Ein Werk, ungewöhnlich, einzigartig und sehr persönlich, ist „Die Untersuchungen zur Freiheit (Kubus Druckstöcke)“. Hier hat sich der Künstler in ein Quadrat, gebildet aus vier Holzplatten, mit seinen Werkzeugen eingeschlossen, diese anschließend von innen bearbeitet und dann abschließend durchtrennt. Hier ist in meinen Augen der Freiheitsgedanke, der sich ja auch schon im Titel widerspiegelt, von zentraler Bedeutung: Der Menschen bricht aus (seinen) Zwängen / der formierten Gesellschaft heraus und befreit sich, hier sicherlich mit Hilfsmitteln, aus dieser Umklammerung / der Begrenztheit in (s)ein selbstbestimmtes Leben / eine offene Gesellschaft.

Fontane benannte einst als nötige Voraussetzung für seine Reisen die Entdeckung der sieben Schönheiten: “Man muss sie nur zu finden verstehen.
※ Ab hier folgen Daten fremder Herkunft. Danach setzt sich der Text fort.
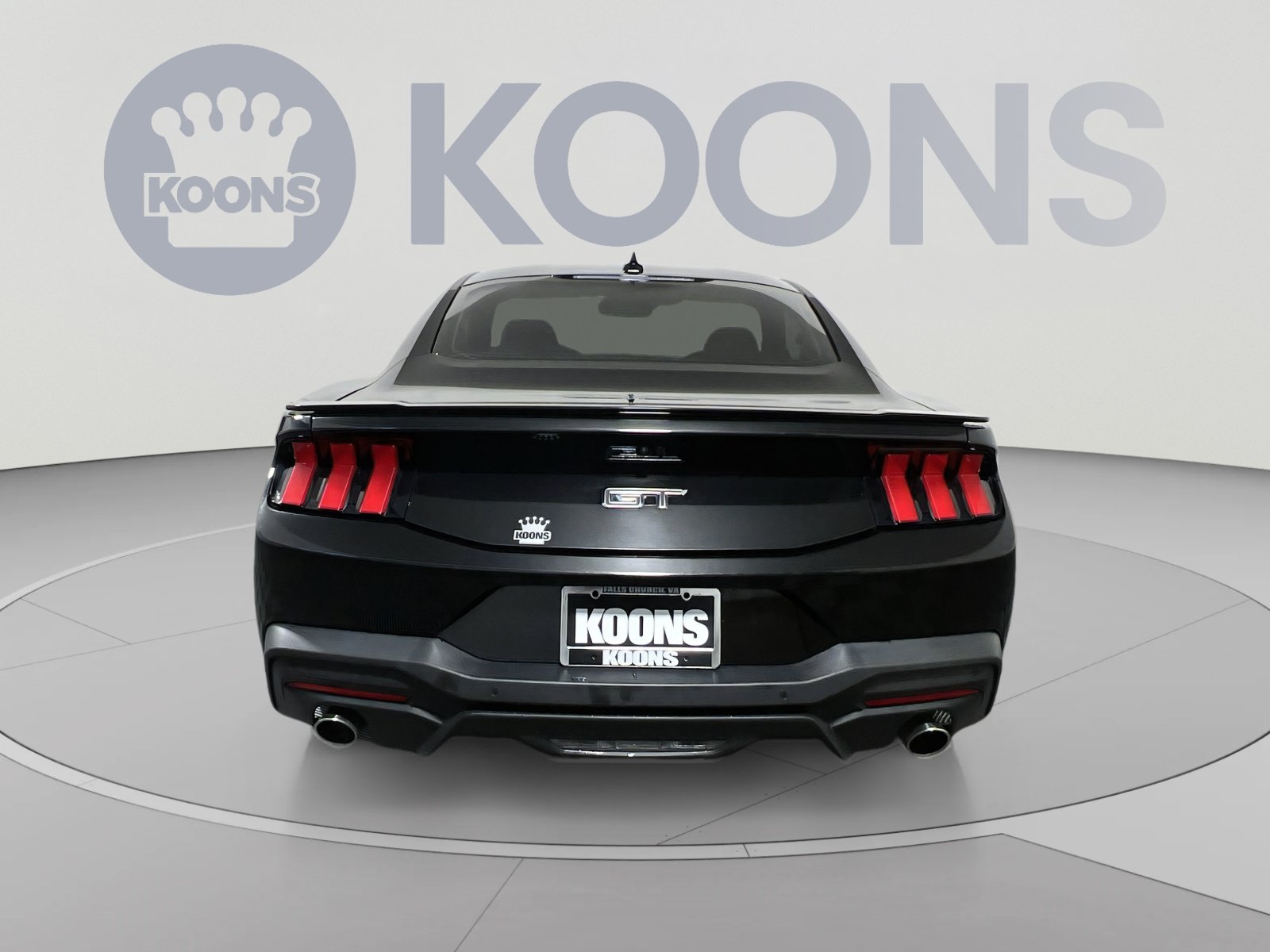 Certified 2024 Ford Mustang GT RWD image 10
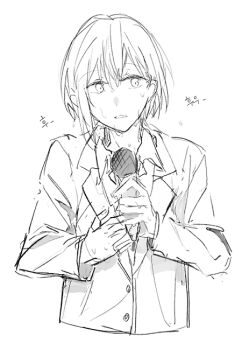 Proxied media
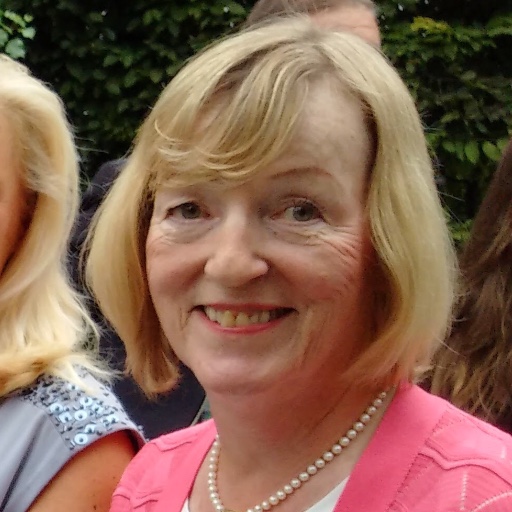 Elke Hövelmann geb. Weddige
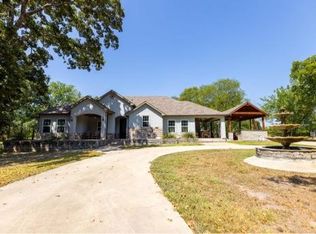 7320 County Road 3512, Quinlan, TX 75474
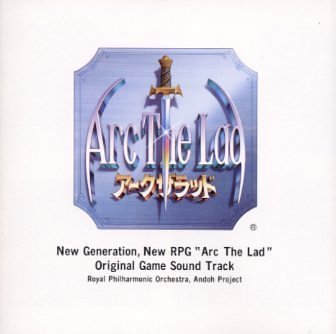 Preisvergleich Produktbild Arc the Lad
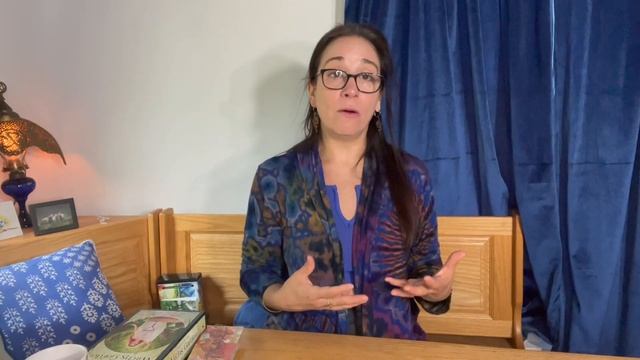 MAY 23" MONTH AHEAD Tarot & Astrology w/Regina Olson смотреть онлайн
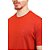 Camiseta Aramis Move Basic IN24 Vermelho Urucum Masculino - Imagem 3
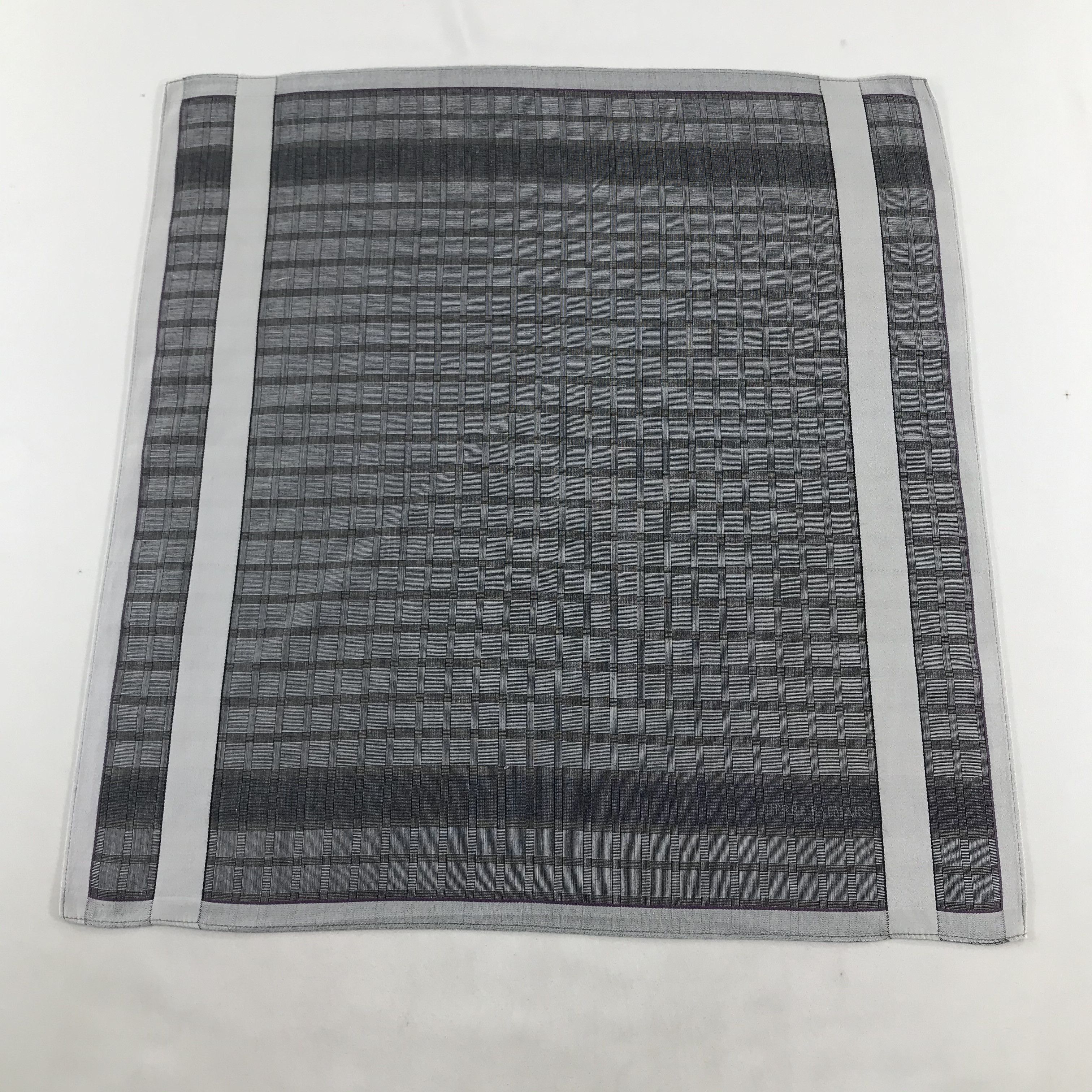 Pierre Balmain Pierre Balmain Handkerchief Neckerchief Bandana H67 Size ONE SIZE - 1 Thumbnail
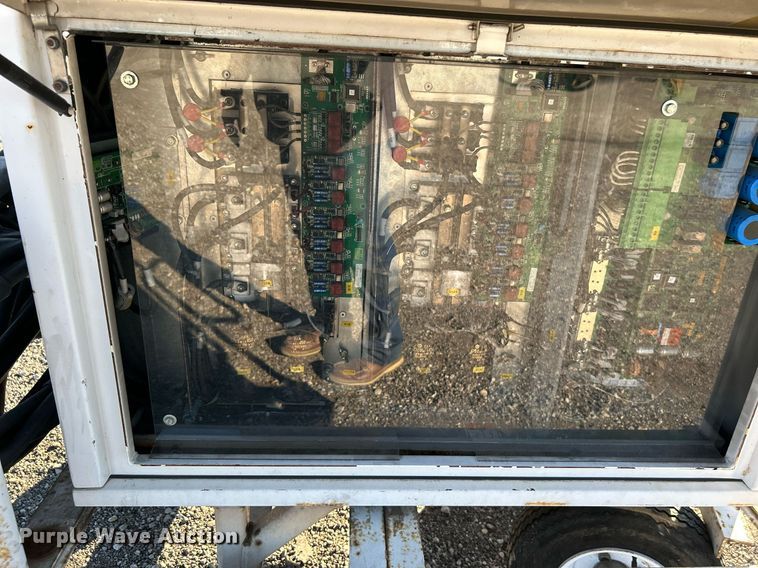 image for item KH9611 Hobart PowerMaster EV  power unit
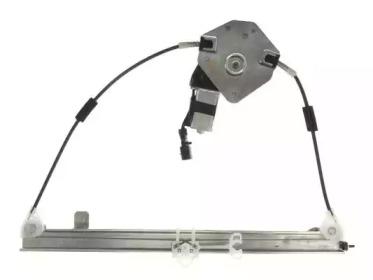 Blic 6060-00-FI1802 Regulator assy door window Blic 6060-00-FI1802 Regulator assy door window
Wer das Auge dafür hat, der wag es und reise.” Abgesehen davon, dass eine Reise nach Brandenburg heutzutage kein Wagnis mehr darstellt (sofern es der Zug keine Verspätung hat), möchte ich diesen Satz auf die aktuelle Ausstellung und insbesondere die Werke von Hans-Georg Wagner übertragen.